Study material:
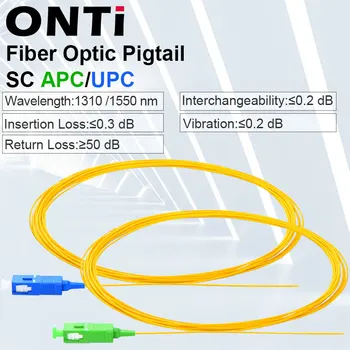 ONTi 20/50/100/200PCS/มา SC APC/UPC นไฟเบอ Pigtail พิมพ์หน้าเดียว 9/1251M เดียวโหมดเครื่องข่ายใยแก้ Pigtail 0.9 อืม
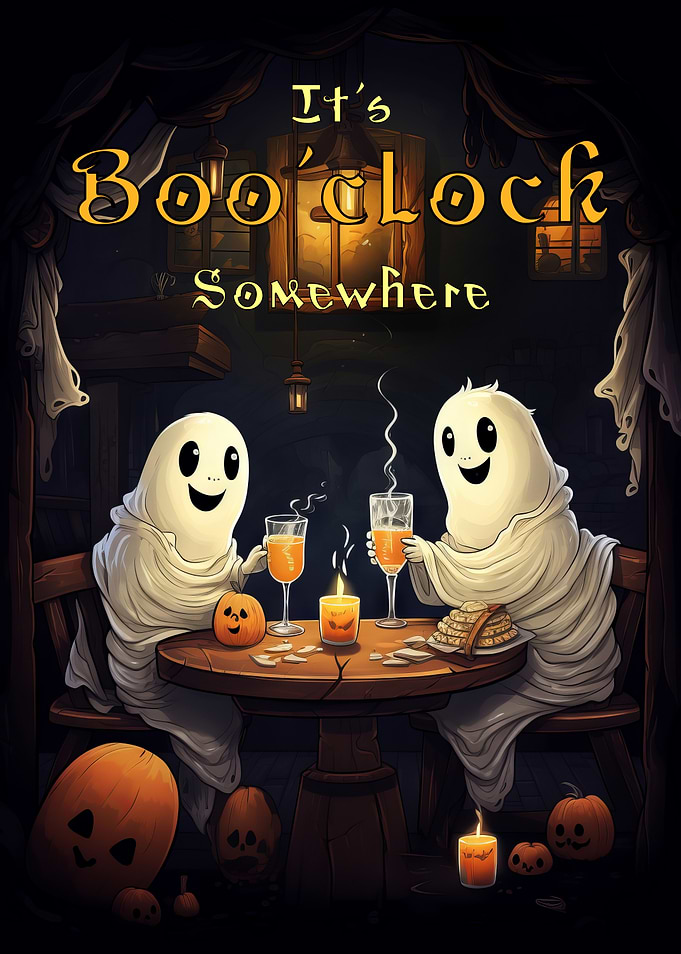 Halloween Ghosts at the Bar
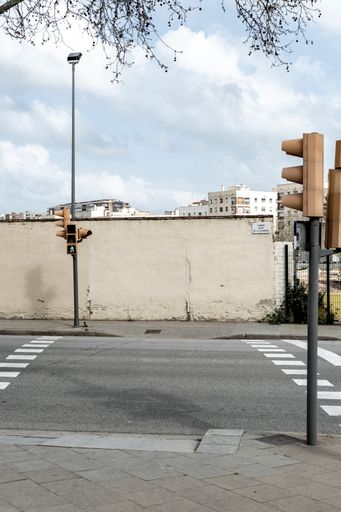 A vertical shot of empty crosswalk in Barcelona, Catalonia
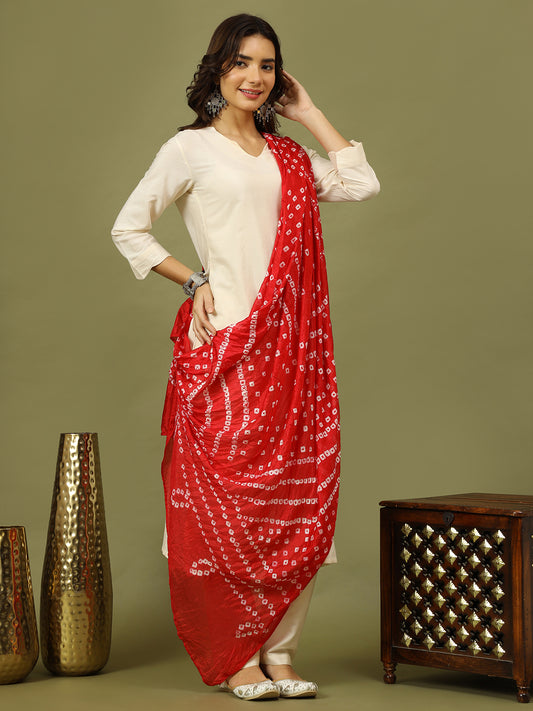 Women Solid Kurta with Trousers & Bandhani Printed Red Color Dupatta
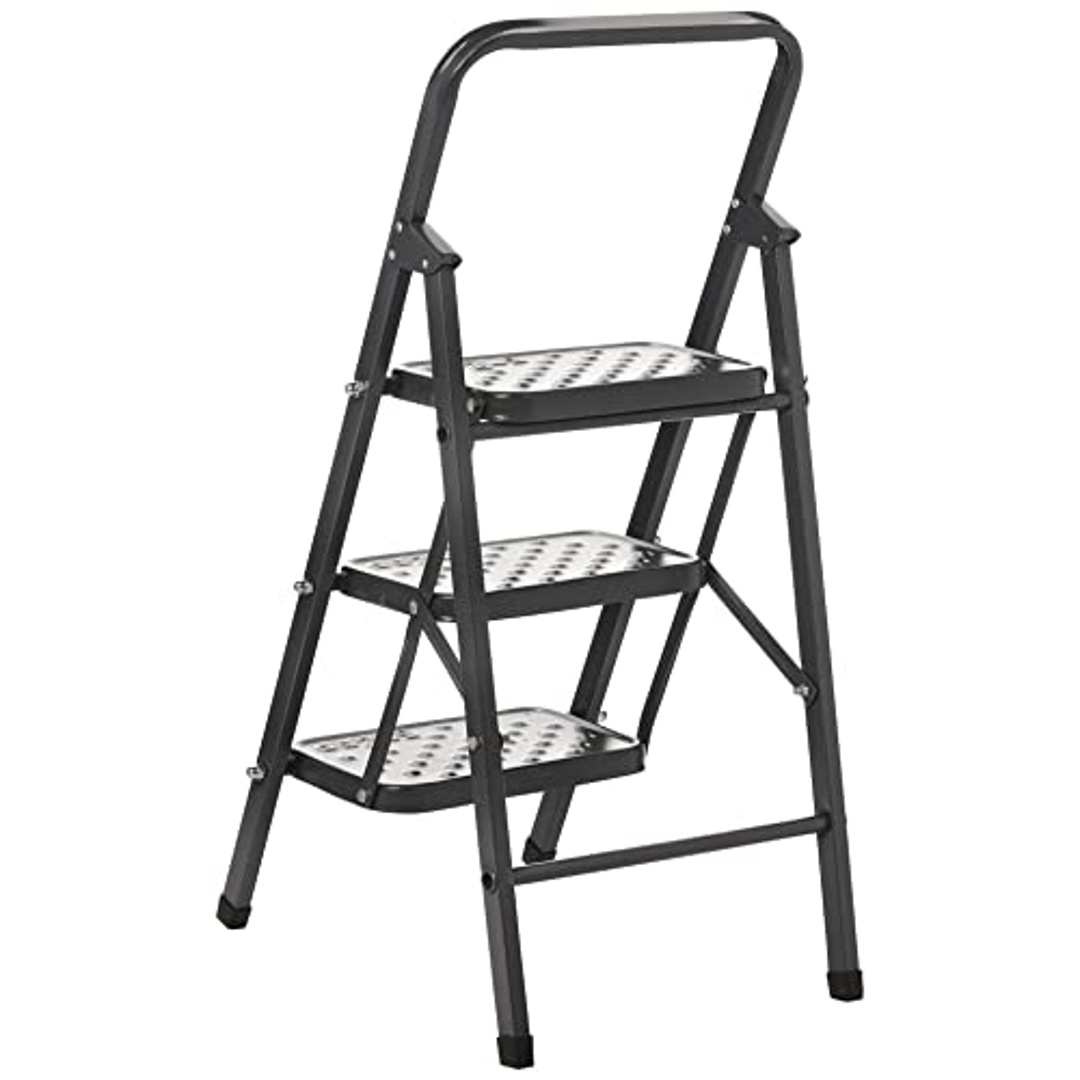 سلم معدني قابل للطي 3 درجات - 111 سم - أسود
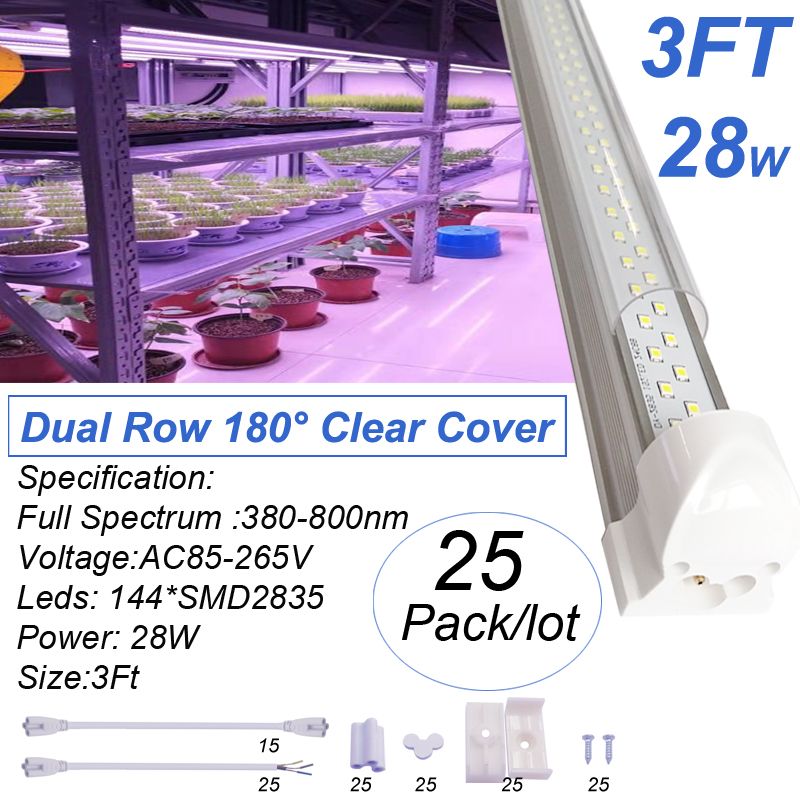 3Ft 28W Dual Row 180° Clear Cover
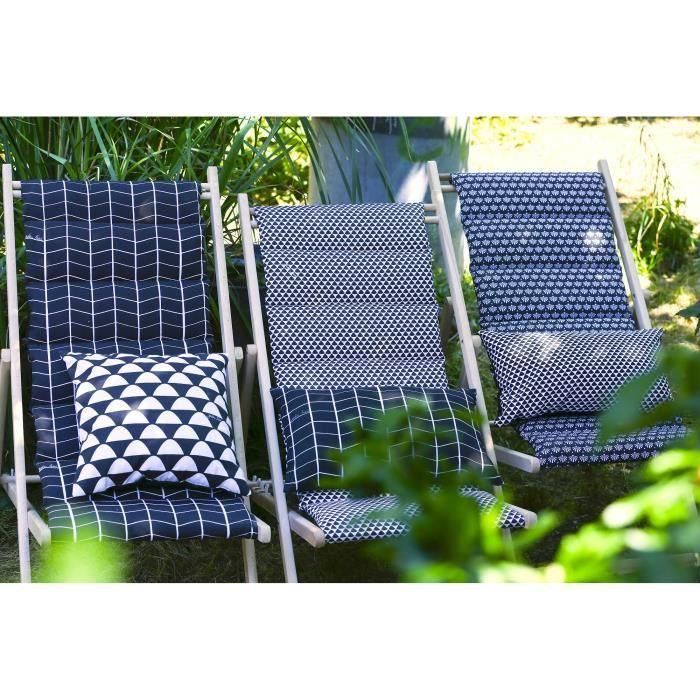 Tumbona acolchada Fjord JARDIN PRIVE - Lona amovible - Azul índigo 1 Tumbona acolchada Fjord JARDIN PRIVE - Lona amovible - Azul índigo 1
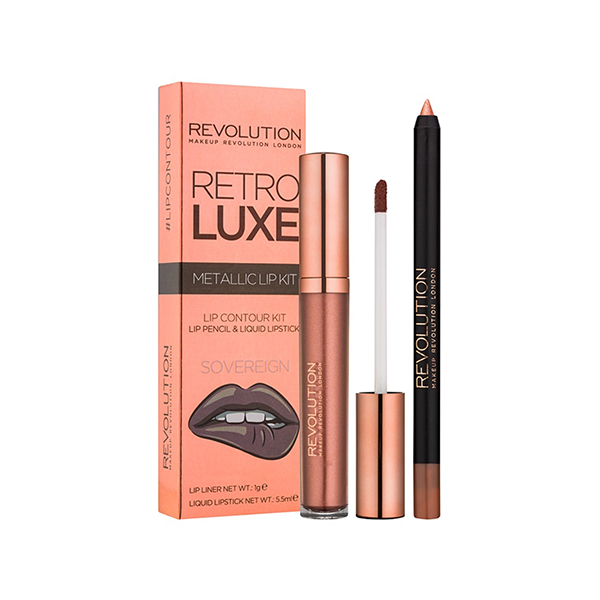 Makeup Revolution Retro Luxe Metallic Lip Kit комплект червило и молив за устни за жени | monna.bg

The task:
Only the lines from the one containing "A vertical shot" through the last line of the entries belong in the answer, given again exactly. Images stay out.

Solution for this problem:
 A vertical shot of empty crosswalk in Barcelona, Catalonia
 Women Solid Kurta with Trousers & Bandhani Printed Red Color Dupatta
 سلم معدني قابل للطي 3 درجات - 111 سم - أسود
 3Ft 28W Dual Row 180° Clear Cover
 Tumbona acolchada Fjord JARDIN PRIVE - Lona amovible - Azul índigo 1 Tumbona acolchada Fjord JARDIN PRIVE - Lona amovible - Azul índigo 1
 Makeup Revolution Retro Luxe Metallic Lip Kit комплект червило и молив за устни за жени | monna.bg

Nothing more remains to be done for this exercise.